HBM ESD failures are also distinct from EOS events. HBM events will not typically cause failures in the package, printed circuit board (PCB), or single component devices mounted on a PCB.

FIG. 9 is an example of an HBM failure of a diode structure. Integrated circuit diode structures fail at the contact interface, silicon surface, or junction region.

FIG. 10 is an example of an HBM failure of a MOSFET structure. Integrated circuit MOSFET structures failure occurs from MOSFET source-to-drain, or at the MOSFET gate.

From HBM failures, typically, the failure is MOSFET source-to-drain failure.

FIG. 11 is an example of an HBM failure of a series cascode MOSFET structure.

Integrated circuit MOSFET structures failure in a series cascode structure can occur from the upper MOSFET drain to lower MOSFET source.


FIG. 9 Human body model (HBM) failure mechanism - diode failure


FIG. 10 Human body model (HBM) failure mechanism - MOSFET failure


FIG. 11 Human body model (HBM) failure mechanism - series cascode MOSFET failure


FIG. 12 Human body model (HBM) ESD event current paths - signal pin to power (VDD)

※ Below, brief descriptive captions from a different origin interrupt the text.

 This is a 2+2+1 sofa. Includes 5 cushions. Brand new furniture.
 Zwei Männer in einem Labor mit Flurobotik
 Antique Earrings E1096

FIG. 13 HBM ESD event current paths - signal pin to ground (V )

9. HBM ESD Current Paths

During ESD events, the current will flow from the signal pin that is pulsed to the grounded reference. FIG. 12 is an example of the ESD current path from the signal pin to the grounded reference VDD. In this case, the positive polarity ESD pulse leads to a positive current flow into the bond pad. The ESD current flows through the ESD p-n diode structure connected to the grounded reference VDD. Residual current also flows into the digital circuitry.

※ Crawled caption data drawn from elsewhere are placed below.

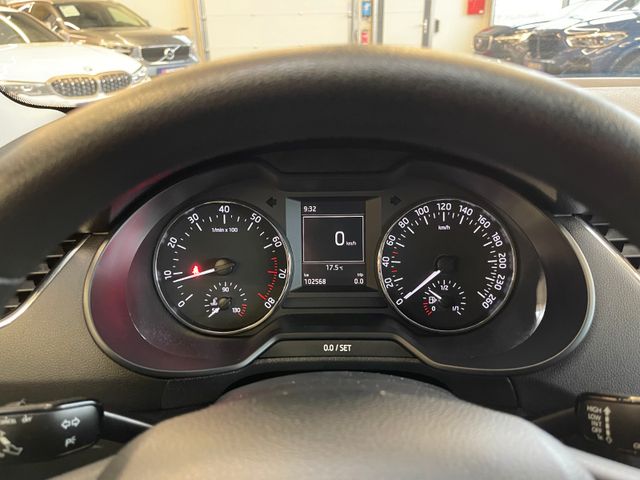 MYAUTOCENTER – Gebraucht- und Jahreswagen mit Werkstattservice in Pfaffenhofen Skoda Octavia Combi Ambition *2. Hand*Klima*PDC*Radio*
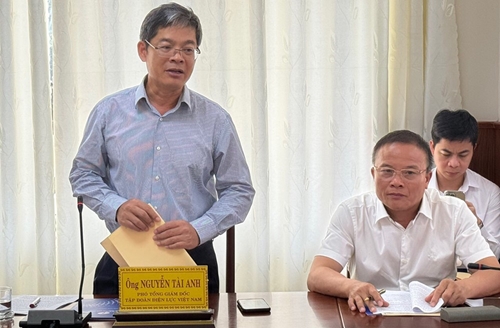 Lãnh đạo EVN làm việc với tỉnh Ninh Thuận về tình hình cung ứng điện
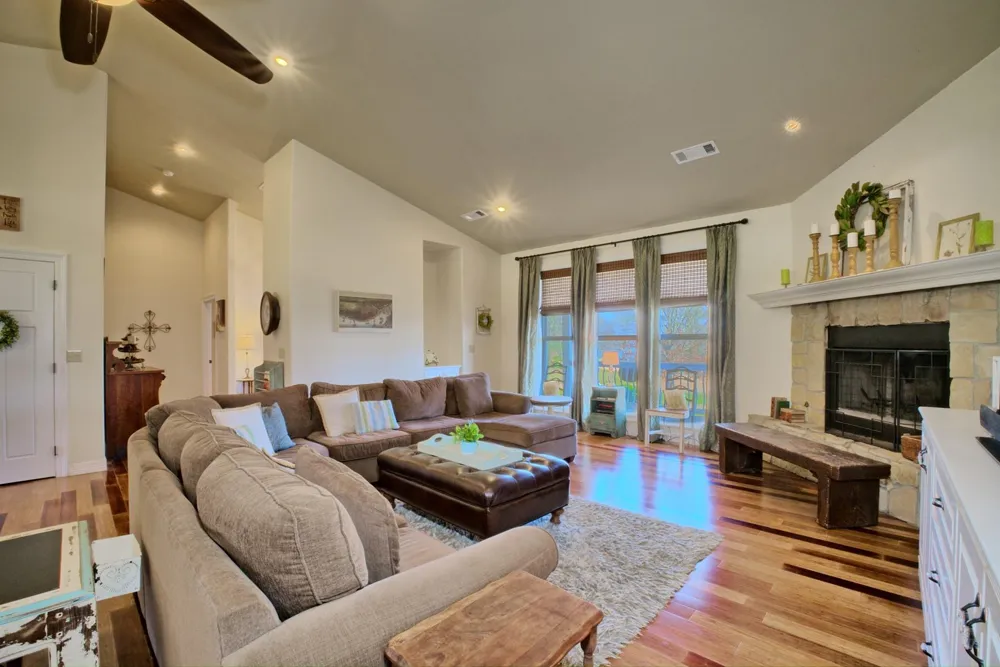 285 Cart Bayou Lane Other, LA 71449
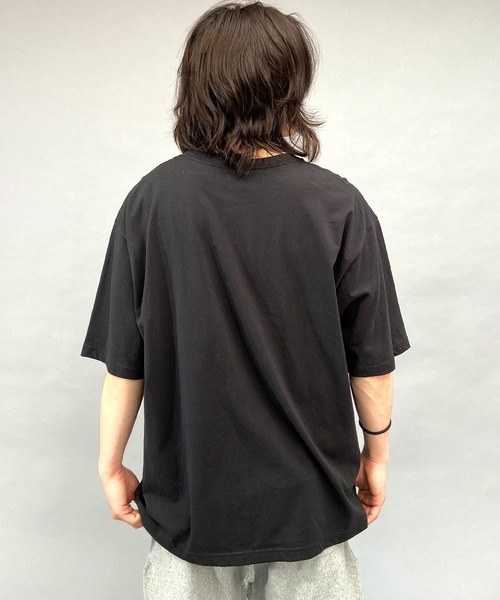 RVCA(ルーカ)の「RVCA/ルーカ ブランドロゴ オーバーサイズ 半袖Tシャツ/クルーネックTシャツ BD041-273(Tシャツ/カットソー・メンズ・ホワイト×レッド/バーガンディー/ブラック×ブラック・XL/L/M)」の5枚目の写真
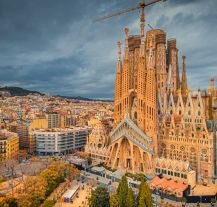 Zdjęcie przedstawia katedrę Sagrada Familia w Barcelonie.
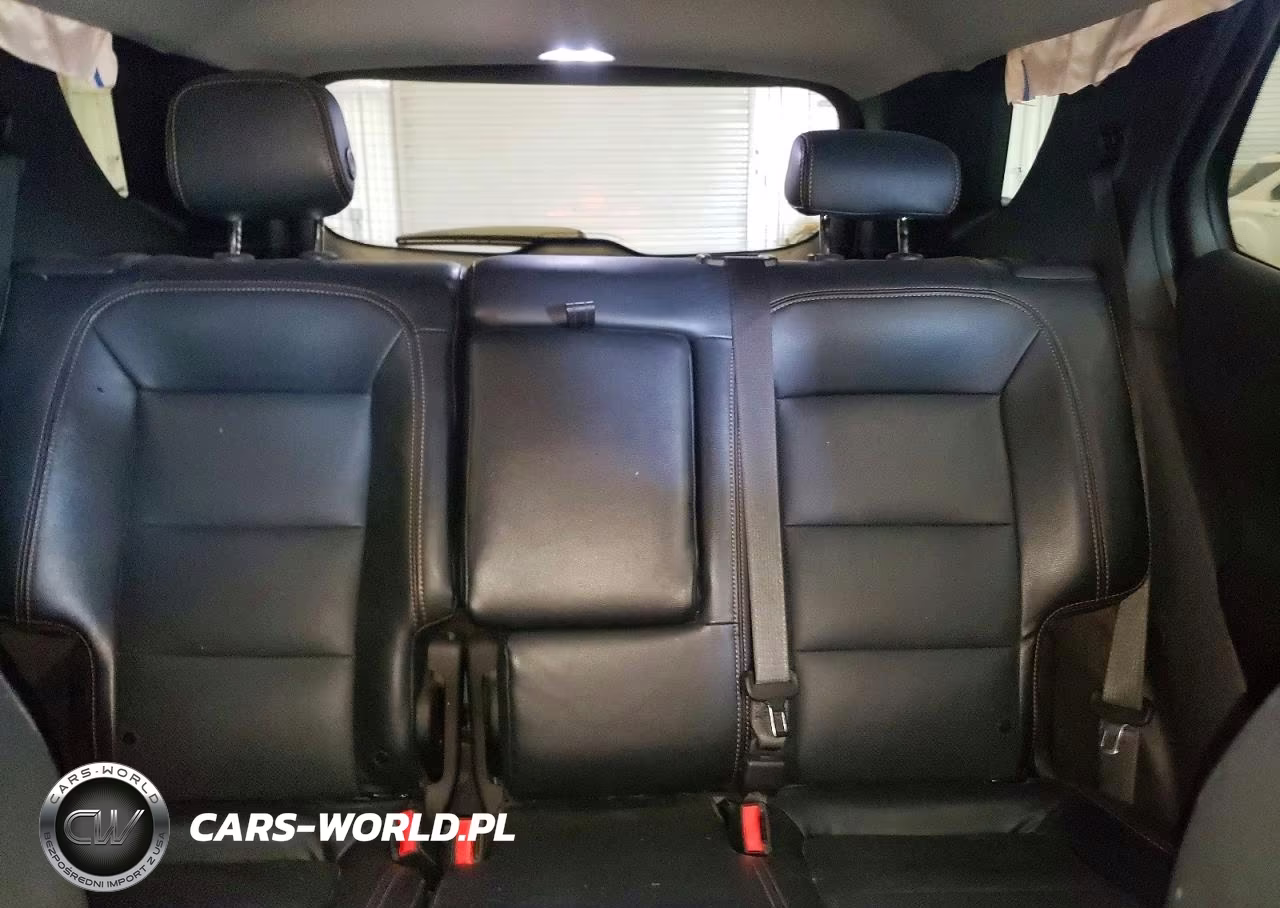 2019 Chevrolet Equinox VIN:2GNAXUEV6K6227156 - 10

FIG. 13 is an example of the ESD current path from the signal pin to the grounded reference VSS. In this case, the positive polarity ESD pulse leads to a positive current flow into the bond pad. The ESD current flows through the ESD p-n diode structure connected to the power rail VDD. The ESD current continues to flow through the ESD power clamp between the VDD power rail and the VSS power rail. Residual current also flows into the digital circuitry.

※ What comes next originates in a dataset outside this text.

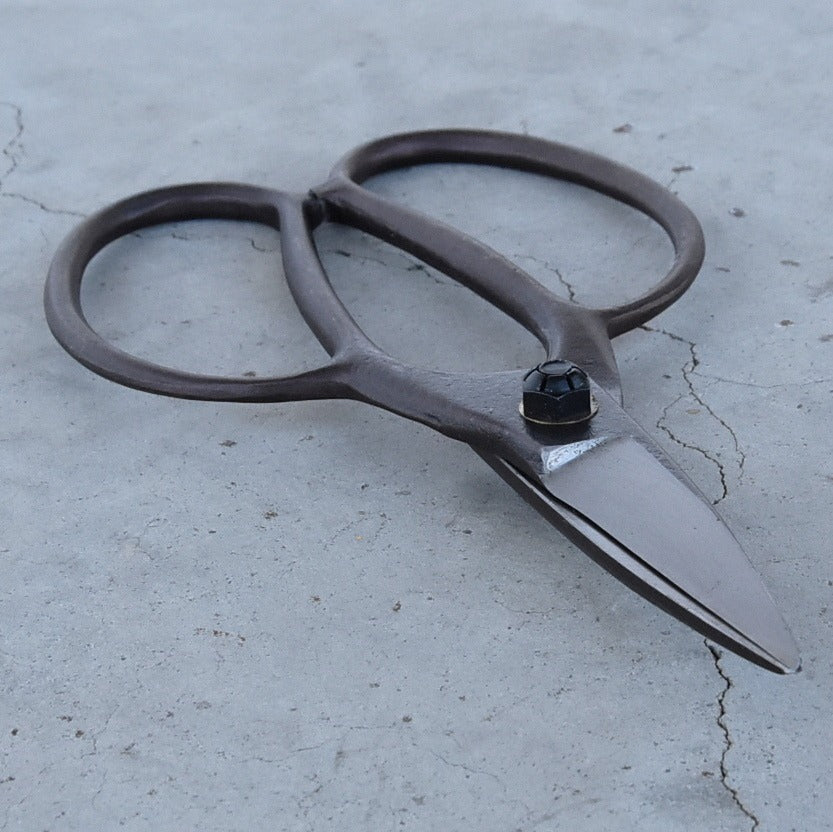 Ciseaux de jardin japonais forgés – 75 mm – Acier carbone – Fabrication traditionnelle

FIG. 14 HBM ESD event current paths - power rail (VDD) to power (VSS)


FIG. 15 HBM ESD event current paths - signal pin to signal pin within a common power domain

FIG. 14 is an example of the ESD current path from the power rail VDD bond pad to the signal pin to the grounded reference VSS. In this case, the positive polarity ESD pulse leads to a positive current flow into the bond pad of the VDD power supply. The ESD current continues to flow through the ESD power clamp between the VDD power rail and the VSS power rail.

FIG. 15 is an example of the ESD current path from the signal pin to the grounded signal pin within a common power domain. In this case, the positive polarity ESD pulse leads to a positive current flow into the bond pad. The ESD current flows through the ESD p-n diode structure connected to the power rail VDD. The ESD current continues to flow through the ESD power clamp between the VDD power rail and the VSS power rail. Current flows through the ground rail, through the ESD p-n diode that is connected to the VSS rail, and the second grounded signal pin.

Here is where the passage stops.